[Stored data]

━━━━━━━━

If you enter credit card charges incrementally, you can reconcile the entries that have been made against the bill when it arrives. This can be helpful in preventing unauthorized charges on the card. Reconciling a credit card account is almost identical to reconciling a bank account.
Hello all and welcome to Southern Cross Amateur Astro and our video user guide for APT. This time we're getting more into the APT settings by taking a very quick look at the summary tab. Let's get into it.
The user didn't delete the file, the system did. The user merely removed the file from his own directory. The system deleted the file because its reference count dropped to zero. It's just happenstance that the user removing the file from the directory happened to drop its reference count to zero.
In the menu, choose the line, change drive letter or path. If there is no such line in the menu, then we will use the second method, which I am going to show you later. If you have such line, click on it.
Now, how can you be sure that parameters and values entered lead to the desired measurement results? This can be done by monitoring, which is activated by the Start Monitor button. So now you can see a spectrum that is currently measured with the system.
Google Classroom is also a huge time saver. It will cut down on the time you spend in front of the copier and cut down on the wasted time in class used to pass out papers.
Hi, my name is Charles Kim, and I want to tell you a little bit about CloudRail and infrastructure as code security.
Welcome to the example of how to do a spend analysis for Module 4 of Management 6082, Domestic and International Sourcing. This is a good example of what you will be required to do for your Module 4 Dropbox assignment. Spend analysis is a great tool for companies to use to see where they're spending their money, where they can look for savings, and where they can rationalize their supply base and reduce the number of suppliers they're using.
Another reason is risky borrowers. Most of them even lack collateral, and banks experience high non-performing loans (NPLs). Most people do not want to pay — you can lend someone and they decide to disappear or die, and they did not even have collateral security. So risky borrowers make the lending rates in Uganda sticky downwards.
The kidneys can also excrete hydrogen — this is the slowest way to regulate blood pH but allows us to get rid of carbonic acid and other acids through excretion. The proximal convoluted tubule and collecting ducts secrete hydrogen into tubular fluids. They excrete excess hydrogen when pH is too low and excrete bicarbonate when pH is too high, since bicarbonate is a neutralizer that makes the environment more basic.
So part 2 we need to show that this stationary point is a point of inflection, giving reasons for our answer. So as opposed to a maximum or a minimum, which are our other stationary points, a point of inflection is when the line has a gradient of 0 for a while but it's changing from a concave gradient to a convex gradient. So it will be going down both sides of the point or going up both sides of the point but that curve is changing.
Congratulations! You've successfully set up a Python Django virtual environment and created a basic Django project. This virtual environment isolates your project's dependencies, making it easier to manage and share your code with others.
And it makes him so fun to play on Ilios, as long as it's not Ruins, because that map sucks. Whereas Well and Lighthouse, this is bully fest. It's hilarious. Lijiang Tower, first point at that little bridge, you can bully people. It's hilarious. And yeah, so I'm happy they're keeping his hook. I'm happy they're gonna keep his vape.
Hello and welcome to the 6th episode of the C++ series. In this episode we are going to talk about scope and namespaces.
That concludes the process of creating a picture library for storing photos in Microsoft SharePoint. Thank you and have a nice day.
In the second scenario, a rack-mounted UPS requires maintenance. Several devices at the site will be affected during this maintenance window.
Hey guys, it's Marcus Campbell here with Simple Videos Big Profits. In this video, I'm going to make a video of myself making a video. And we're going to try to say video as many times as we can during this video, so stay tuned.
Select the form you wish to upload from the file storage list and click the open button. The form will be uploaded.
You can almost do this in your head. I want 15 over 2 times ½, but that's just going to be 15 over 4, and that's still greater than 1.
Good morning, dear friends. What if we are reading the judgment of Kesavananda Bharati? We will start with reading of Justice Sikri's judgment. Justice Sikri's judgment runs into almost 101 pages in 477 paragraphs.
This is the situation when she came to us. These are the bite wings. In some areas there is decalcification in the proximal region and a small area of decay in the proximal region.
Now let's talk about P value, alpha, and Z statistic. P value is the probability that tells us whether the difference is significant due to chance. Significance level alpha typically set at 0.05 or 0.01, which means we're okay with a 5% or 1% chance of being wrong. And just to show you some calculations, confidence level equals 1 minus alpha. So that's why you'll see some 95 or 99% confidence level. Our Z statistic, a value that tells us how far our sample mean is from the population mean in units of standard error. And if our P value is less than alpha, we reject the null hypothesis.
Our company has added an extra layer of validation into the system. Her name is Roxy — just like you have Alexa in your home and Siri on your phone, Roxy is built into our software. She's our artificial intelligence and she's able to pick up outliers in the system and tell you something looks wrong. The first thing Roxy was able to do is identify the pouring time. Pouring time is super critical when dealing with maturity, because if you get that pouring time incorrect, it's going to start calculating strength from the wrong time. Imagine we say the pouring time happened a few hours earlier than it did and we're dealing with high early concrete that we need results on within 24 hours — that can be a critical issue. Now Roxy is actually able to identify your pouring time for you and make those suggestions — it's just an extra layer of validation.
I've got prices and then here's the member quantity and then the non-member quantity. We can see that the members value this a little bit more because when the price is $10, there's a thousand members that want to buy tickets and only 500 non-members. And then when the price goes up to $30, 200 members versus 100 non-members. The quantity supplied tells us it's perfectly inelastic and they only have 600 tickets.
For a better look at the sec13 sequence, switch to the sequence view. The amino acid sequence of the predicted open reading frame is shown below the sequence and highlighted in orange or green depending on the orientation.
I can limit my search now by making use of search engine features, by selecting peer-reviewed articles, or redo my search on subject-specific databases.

━━━━━━━━

WHAT NEEDS TO BE DONE: Restate every entry above word for word.

WRITTEN RESPONSE:
If you enter credit card charges incrementally, you can reconcile the entries that have been made against the bill when it arrives. This can be helpful in preventing unauthorized charges on the card. Reconciling a credit card account is almost identical to reconciling a bank account.
Hello all and welcome to Southern Cross Amateur Astro and our video user guide for APT. This time we're getting more into the APT settings by taking a very quick look at the summary tab. Let's get into it.
The user didn't delete the file, the system did. The user merely removed the file from his own directory. The system deleted the file because its reference count dropped to zero. It's just happenstance that the user removing the file from the directory happened to drop its reference count to zero.
In the menu, choose the line, change drive letter or path. If there is no such line in the menu, then we will use the second method, which I am going to show you later. If you have such line, click on it.
Now, how can you be sure that parameters and values entered lead to the desired measurement results? This can be done by monitoring, which is activated by the Start Monitor button. So now you can see a spectrum that is currently measured with the system.
Google Classroom is also a huge time saver. It will cut down on the time you spend in front of the copier and cut down on the wasted time in class used to pass out papers.
Hi, my name is Charles Kim, and I want to tell you a little bit about CloudRail and infrastructure as code security.
Welcome to the example of how to do a spend analysis for Module 4 of Management 6082, Domestic and International Sourcing. This is a good example of what you will be required to do for your Module 4 Dropbox assignment. Spend analysis is a great tool for companies to use to see where they're spending their money, where they can look for savings, and where they can rationalize their supply base and reduce the number of suppliers they're using.
Another reason is risky borrowers. Most of them even lack collateral, and banks experience high non-performing loans (NPLs). Most people do not want to pay — you can lend someone and they decide to disappear or die, and they did not even have collateral security. So risky borrowers make the lending rates in Uganda sticky downwards.
The kidneys can also excrete hydrogen — this is the slowest way to regulate blood pH but allows us to get rid of carbonic acid and other acids through excretion. The proximal convoluted tubule and collecting ducts secrete hydrogen into tubular fluids. They excrete excess hydrogen when pH is too low and excrete bicarbonate when pH is too high, since bicarbonate is a neutralizer that makes the environment more basic.
So part 2 we need to show that this stationary point is a point of inflection, giving reasons for our answer. So as opposed to a maximum or a minimum, which are our other stationary points, a point of inflection is when the line has a gradient of 0 for a while but it's changing from a concave gradient to a convex gradient. So it will be going down both sides of the point or going up both sides of the point but that curve is changing.
Congratulations! You've successfully set up a Python Django virtual environment and created a basic Django project. This virtual environment isolates your project's dependencies, making it easier to manage and share your code with others.
And it makes him so fun to play on Ilios, as long as it's not Ruins, because that map sucks. Whereas Well and Lighthouse, this is bully fest. It's hilarious. Lijiang Tower, first point at that little bridge, you can bully people. It's hilarious. And yeah, so I'm happy they're keeping his hook. I'm happy they're gonna keep his vape.
Hello and welcome to the 6th episode of the C++ series. In this episode we are going to talk about scope and namespaces.
That concludes the process of creating a picture library for storing photos in Microsoft SharePoint. Thank you and have a nice day.
In the second scenario, a rack-mounted UPS requires maintenance. Several devices at the site will be affected during this maintenance window.
Hey guys, it's Marcus Campbell here with Simple Videos Big Profits. In this video, I'm going to make a video of myself making a video. And we're going to try to say video as many times as we can during this video, so stay tuned.
Select the form you wish to upload from the file storage list and click the open button. The form will be uploaded.
You can almost do this in your head. I want 15 over 2 times ½, but that's just going to be 15 over 4, and that's still greater than 1.
Good morning, dear friends. What if we are reading the judgment of Kesavananda Bharati? We will start with reading of Justice Sikri's judgment. Justice Sikri's judgment runs into almost 101 pages in 477 paragraphs.
This is the situation when she came to us. These are the bite wings. In some areas there is decalcification in the proximal region and a small area of decay in the proximal region.
Now let's talk about P value, alpha, and Z statistic. P value is the probability that tells us whether the difference is significant due to chance. Significance level alpha typically set at 0.05 or 0.01, which means we're okay with a 5% or 1% chance of being wrong. And just to show you some calculations, confidence level equals 1 minus alpha. So that's why you'll see some 95 or 99% confidence level. Our Z statistic, a value that tells us how far our sample mean is from the population mean in units of standard error. And if our P value is less than alpha, we reject the null hypothesis.
Our company has added an extra layer of validation into the system. Her name is Roxy — just like you have Alexa in your home and Siri on your phone, Roxy is built into our software. She's our artificial intelligence and she's able to pick up outliers in the system and tell you something looks wrong. The first thing Roxy was able to do is identify the pouring time. Pouring time is super critical when dealing with maturity, because if you get that pouring time incorrect, it's going to start calculating strength from the wrong time. Imagine we say the pouring time happened a few hours earlier than it did and we're dealing with high early concrete that we need results on within 24 hours — that can be a critical issue. Now Roxy is actually able to identify your pouring time for you and make those suggestions — it's just an extra layer of validation.
I've got prices and then here's the member quantity and then the non-member quantity. We can see that the members value this a little bit more because when the price is $10, there's a thousand members that want to buy tickets and only 500 non-members. And then when the price goes up to $30, 200 members versus 100 non-members. The quantity supplied tells us it's perfectly inelastic and they only have 600 tickets.
For a better look at the sec13 sequence, switch to the sequence view. The amino acid sequence of the predicted open reading frame is shown below the sequence and highlighted in orange or green depending on the orientation.
I can limit my search now by making use of search engine features, by selecting peer-reviewed articles, or redo my search on subject-specific databases.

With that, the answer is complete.